There is no scheme for pension plans under Vietnamese labour law. Vietnamese law provides that both employers and employees must contribute to the compulsory social insurance fund that pays pensions to employees when they retire. In the case of a share acquisition, as the employment relationship between the employees and the target company will remain unaffected, the target company, together with the employees, will continue to contribute to the compulsory social insurance fund. In the case of a merger, the new employer will contribute to the compulsory social insurance fund.

Other relevant considerations


What legislation governs competition issues relating to M&A?

The legislation governing competition issues relating to M&A includes the Law on Competition  (27/2004/QH11), passed by the National Assembly on 3 December 2004, and its implementing regulations. As a general comment, a business combination involving a Vietnamese company may be subject to a reporting requirement. Specifically, if the parties to a business combination have a combined market share of between 30% and 50% of the relevant market, they must notify the Competition Authority of the contemplated combination in advance. The combination will be prohibited if the combined market share is above 50% in the relevant market.

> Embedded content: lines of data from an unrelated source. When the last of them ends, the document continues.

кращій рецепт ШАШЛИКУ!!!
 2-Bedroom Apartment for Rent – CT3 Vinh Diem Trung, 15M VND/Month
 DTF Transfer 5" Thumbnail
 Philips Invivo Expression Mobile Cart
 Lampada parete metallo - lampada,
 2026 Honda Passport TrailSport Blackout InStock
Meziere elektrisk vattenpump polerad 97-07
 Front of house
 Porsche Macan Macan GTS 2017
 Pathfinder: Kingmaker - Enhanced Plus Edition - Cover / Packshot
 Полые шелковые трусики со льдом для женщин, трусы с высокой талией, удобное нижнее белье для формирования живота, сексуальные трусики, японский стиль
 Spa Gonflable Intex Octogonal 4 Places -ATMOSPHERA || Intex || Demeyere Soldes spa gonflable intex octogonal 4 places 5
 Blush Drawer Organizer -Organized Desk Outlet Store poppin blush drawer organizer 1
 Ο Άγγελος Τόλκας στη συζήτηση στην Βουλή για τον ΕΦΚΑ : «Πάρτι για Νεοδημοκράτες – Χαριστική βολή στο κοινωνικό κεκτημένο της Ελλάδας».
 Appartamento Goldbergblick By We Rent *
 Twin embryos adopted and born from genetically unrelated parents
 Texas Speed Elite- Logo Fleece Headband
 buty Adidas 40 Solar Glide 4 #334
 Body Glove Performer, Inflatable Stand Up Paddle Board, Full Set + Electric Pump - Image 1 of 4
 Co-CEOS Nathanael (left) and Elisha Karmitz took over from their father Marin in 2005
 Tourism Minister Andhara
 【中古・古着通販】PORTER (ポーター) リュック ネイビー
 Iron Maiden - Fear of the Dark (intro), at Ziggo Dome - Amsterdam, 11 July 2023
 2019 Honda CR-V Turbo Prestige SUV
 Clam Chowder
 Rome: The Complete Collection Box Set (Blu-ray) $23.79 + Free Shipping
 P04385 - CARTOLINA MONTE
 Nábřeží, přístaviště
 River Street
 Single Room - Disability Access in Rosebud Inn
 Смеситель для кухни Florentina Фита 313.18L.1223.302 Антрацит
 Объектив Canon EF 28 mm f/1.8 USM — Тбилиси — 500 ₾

This law will be replaced by a new Law on Competition as of 1 July 2019. Under the new law, acts of economic concentration by enterprises (defined as mergers, consolidations, acquisitions, joint ventures and other acts of economic concentration prescribed by law) are prohibited if they are evaluated to “have or potentially have the effect of significantly restricting competition in the Vietnam market”. The National Competition Commission will evaluate factors such as:

  • the combined market share of the participating companies;
  • the level of concentration in the relevant market before and after the economic concentration; and
  • competitive advantages gained from the economic concentration.

The National Competition Commission must also evaluate the positive impact of economic concentration, although there is no further guidance as yet on whether this could lead to exemptions.


Are any anti-bribery provisions in force?

Vietnam’s Penal Code criminalises the giving and promising of bribes to any person or organisation, whether public or private. The bribery may be committed directly or through an intermediary. The penalty for giving or promising to give a bribe mostly depends on the value of the benefit given or promised. The minimum value of tangible benefits to trigger a violation of the law is D2 million (approximately $88). Penalties range from D20 million (approximately $880) and six months’ to 20 years’ imprisonment. There is no death penalty or life sentence for giving bribes.


What happens if the company being bought is in receivership or bankrupt?

Where there is a decision to commence bankruptcy procedures, a company must report its shares or transfer its property to the asset management officer or asset management and liquidation enterprise prior to sale. The company may sell its shares or transfer its property subject to the decision of the asset management officer or asset management and liquidation enterprise.